Je la suppliois de ne pas m’abandonner ; mais elle le devoit. J’étois plus mal à mon aise que jamais ; j’eusse donné tout au monde pour trouver madame Mirvan, et pour la prier de me justifier dans l’esprit du lord ; car que pouvois-je alléguer pour excuser mon impolitesse ? Il devoit me prendre pour une imbecille ou pour une folle. Quelqu’un qui connoît le monde et ses usages, ne peut se faire une idée du trouble dont j’étois agitée.

J’étois dans la plus grande confusion ; j’observois qu’il me cherchoit par-tout d’un air embarrassé : mais quand je vis à la fin qu’il s’avançoit vers l’endroit où j’étois, je pensai tomber à la renverse. Je ne me sentois pas en état de l’attendre ; car je ne savois que lui dire. Je me levai donc, et je me précipitai dans la salle du jeu, bien résolue de passer le reste de la soirée à côté de madame Mirvan, et de ne pas danser du tout. Mais avant que de la découvrir, mylord Orville me joignit.

Il s’informa si j’étois incommodée. Vous vous imaginez sans doute, monsieur, combien je fus déconcertée. Au lieu de répondre, je baissois sottement la tête, et je fixois mon éventail.

Il me demanda d’un ton grave et respectueux, s’il avoit eu le malheur de me déplaire.

« Non certes, répliquai-je ». Et pour changer de conversation et prévenir de nouvelles questions, je le priai de me dire s’il n’avoit pas vu la jeune dame avec laquelle j’avois parlé tantôt.

« Non : mais ordonnez-vous que j’aille la chercher» ?

« Point du tout ».

« Y a-t-il quelqu’autre à qui vous souhaiteriez de parler » ?
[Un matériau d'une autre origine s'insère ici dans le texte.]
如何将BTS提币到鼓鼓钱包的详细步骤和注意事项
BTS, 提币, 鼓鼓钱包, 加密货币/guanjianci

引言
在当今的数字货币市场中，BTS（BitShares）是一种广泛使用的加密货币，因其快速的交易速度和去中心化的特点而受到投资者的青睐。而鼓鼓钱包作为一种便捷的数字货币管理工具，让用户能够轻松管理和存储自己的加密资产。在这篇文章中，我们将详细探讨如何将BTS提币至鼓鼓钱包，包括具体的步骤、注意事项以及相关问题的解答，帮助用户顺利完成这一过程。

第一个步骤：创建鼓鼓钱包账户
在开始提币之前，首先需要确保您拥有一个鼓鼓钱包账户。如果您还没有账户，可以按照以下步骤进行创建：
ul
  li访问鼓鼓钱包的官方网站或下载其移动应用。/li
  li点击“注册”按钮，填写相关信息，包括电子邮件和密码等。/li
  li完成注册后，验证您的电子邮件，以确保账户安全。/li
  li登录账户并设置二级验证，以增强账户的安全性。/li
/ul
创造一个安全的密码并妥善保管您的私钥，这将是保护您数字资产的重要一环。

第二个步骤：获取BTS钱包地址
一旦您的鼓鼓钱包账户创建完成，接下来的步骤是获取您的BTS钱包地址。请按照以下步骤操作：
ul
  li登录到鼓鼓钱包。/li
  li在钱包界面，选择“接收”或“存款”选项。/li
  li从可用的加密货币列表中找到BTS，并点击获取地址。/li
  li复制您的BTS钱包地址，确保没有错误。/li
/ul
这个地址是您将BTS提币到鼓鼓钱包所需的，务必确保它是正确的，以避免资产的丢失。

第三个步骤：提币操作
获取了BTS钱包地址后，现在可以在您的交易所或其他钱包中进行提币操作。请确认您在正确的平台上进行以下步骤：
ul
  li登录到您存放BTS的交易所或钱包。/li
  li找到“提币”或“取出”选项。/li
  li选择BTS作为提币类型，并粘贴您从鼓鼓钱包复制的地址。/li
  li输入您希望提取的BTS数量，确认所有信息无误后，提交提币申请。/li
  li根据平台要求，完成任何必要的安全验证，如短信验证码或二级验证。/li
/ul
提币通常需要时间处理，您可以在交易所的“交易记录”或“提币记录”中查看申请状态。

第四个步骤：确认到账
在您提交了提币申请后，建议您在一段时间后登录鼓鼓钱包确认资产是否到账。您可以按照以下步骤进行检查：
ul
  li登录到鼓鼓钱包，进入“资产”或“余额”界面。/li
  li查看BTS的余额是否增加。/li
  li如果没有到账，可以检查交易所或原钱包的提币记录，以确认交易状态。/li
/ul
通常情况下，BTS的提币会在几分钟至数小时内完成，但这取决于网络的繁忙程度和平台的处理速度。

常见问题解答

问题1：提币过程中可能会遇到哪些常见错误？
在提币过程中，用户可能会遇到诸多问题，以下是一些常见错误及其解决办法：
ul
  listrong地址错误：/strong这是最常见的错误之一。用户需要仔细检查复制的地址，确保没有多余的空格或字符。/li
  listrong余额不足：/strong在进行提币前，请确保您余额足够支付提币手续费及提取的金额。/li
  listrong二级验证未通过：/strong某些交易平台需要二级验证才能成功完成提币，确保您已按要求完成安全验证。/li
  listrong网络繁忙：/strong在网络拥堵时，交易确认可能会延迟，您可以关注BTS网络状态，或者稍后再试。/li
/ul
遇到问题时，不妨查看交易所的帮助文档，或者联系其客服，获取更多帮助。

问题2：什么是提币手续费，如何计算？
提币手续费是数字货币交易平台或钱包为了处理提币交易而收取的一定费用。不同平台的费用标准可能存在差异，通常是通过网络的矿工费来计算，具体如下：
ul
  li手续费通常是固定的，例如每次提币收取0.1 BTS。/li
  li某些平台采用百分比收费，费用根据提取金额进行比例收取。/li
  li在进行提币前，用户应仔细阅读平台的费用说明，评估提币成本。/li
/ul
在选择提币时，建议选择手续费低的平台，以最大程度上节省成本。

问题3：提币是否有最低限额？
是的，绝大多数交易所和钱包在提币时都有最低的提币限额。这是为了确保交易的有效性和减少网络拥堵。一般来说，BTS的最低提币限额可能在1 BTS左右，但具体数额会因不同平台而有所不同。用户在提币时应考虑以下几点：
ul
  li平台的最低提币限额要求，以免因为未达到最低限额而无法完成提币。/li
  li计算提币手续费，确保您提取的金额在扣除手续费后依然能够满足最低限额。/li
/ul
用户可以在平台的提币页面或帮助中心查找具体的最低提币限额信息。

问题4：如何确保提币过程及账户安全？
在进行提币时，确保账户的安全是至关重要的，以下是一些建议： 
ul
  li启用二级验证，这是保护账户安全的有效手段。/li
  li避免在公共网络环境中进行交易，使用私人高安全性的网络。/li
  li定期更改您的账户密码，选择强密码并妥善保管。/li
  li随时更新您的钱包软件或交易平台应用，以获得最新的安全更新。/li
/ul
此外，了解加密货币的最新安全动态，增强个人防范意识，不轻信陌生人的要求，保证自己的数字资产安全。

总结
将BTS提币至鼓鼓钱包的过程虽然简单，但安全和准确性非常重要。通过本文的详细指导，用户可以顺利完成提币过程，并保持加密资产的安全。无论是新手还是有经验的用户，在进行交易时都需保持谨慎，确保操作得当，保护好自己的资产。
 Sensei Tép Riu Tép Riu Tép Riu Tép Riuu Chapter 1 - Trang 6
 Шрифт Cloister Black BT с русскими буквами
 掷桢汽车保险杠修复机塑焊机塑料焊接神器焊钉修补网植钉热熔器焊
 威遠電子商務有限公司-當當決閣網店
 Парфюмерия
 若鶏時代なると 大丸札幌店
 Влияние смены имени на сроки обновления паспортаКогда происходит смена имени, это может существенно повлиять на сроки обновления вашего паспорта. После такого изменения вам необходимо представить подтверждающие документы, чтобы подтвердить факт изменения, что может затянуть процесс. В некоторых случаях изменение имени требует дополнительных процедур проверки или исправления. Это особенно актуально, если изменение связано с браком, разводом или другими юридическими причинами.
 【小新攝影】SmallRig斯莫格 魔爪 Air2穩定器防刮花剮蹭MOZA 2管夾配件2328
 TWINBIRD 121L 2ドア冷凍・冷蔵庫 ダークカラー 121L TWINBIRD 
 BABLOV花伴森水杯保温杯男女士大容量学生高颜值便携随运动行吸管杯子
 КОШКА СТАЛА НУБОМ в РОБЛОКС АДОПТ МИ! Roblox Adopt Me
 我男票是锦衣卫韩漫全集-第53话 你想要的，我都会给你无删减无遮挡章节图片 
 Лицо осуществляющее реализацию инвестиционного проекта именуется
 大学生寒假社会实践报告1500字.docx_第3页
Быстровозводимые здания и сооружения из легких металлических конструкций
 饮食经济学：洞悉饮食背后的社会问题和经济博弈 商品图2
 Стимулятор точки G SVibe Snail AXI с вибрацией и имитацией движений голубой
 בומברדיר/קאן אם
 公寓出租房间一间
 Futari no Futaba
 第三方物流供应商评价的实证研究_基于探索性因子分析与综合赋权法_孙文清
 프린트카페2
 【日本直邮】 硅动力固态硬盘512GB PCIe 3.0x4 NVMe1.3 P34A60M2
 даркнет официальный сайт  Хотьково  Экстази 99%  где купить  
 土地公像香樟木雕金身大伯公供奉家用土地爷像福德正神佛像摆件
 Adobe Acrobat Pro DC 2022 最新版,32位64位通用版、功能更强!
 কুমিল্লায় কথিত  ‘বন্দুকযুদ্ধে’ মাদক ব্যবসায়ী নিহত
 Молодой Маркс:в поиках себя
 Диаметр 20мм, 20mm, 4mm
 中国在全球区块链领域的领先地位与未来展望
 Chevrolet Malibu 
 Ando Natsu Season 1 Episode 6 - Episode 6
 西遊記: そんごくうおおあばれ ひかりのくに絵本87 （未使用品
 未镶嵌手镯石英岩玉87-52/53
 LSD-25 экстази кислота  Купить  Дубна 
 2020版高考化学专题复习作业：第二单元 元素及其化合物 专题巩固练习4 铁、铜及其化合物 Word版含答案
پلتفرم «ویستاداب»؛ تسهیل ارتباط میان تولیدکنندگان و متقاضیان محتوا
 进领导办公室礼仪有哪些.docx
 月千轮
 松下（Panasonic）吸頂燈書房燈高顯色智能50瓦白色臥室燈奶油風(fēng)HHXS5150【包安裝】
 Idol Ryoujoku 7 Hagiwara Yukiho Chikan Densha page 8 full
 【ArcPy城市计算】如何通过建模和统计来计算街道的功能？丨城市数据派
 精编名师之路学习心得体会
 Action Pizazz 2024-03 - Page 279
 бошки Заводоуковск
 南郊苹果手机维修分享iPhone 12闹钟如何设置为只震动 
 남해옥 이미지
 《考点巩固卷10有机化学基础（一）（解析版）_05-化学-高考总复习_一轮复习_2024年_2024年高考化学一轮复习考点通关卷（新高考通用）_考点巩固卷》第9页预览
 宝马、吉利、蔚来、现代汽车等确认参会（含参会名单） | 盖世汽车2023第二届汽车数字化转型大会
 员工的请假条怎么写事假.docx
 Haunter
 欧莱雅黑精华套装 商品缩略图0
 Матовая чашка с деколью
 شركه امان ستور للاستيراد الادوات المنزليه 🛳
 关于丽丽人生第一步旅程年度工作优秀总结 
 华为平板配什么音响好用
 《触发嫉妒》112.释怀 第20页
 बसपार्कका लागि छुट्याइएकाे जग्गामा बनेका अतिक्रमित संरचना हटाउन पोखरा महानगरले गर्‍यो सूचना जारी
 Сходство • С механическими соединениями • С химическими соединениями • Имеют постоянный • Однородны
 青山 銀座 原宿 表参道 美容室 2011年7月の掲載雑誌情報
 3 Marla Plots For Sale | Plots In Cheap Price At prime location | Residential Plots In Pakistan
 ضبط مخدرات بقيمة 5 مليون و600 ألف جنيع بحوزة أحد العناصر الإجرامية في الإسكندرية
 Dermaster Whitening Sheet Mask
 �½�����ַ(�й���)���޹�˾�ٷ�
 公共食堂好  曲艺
Je lui dis que non, avant que de savoir que je répondois.

« Aurai-je l’avantage de vous offrir quelques rafraîchissemens » ?

Je fis une inclination de tête sans le vouloir, et il partit comme un éclair.

Je commençois à me fâcher contre moi-même, et je me remis assez pour m’appercevoir de la ridicule figure que je faisois ; mais j’étois trop hors de moi pour penser ou pour agir convenablement.

Si le lord n’avoit été de retour dans un clin d’œil, je me serois peut-être échappée une seconde fois. Il m’apporta un verre de limonade. Dès que je l’eus pris, il me dit qu’il se flattoit que je lui accorderois l’honneur de ma main pour la danse qu’on venoit de commencer.

Le souvenir de la conduite puérile que j’avois tenue auparavant, fit renaître mes craintes plus que jamais. Je tremblois de danser devant tant de monde, et avec un homme de ce rang. Je crois qu’il remarqua mon embarras, car il me supplia de reprendre ma place, si la danse ne m’amusoit pas : je n’eus garde d’accepter la proposition, car je n’avois déjà fait que trop de sottises ; à peine cependant pouvois-je me soutenir sur mes jambes.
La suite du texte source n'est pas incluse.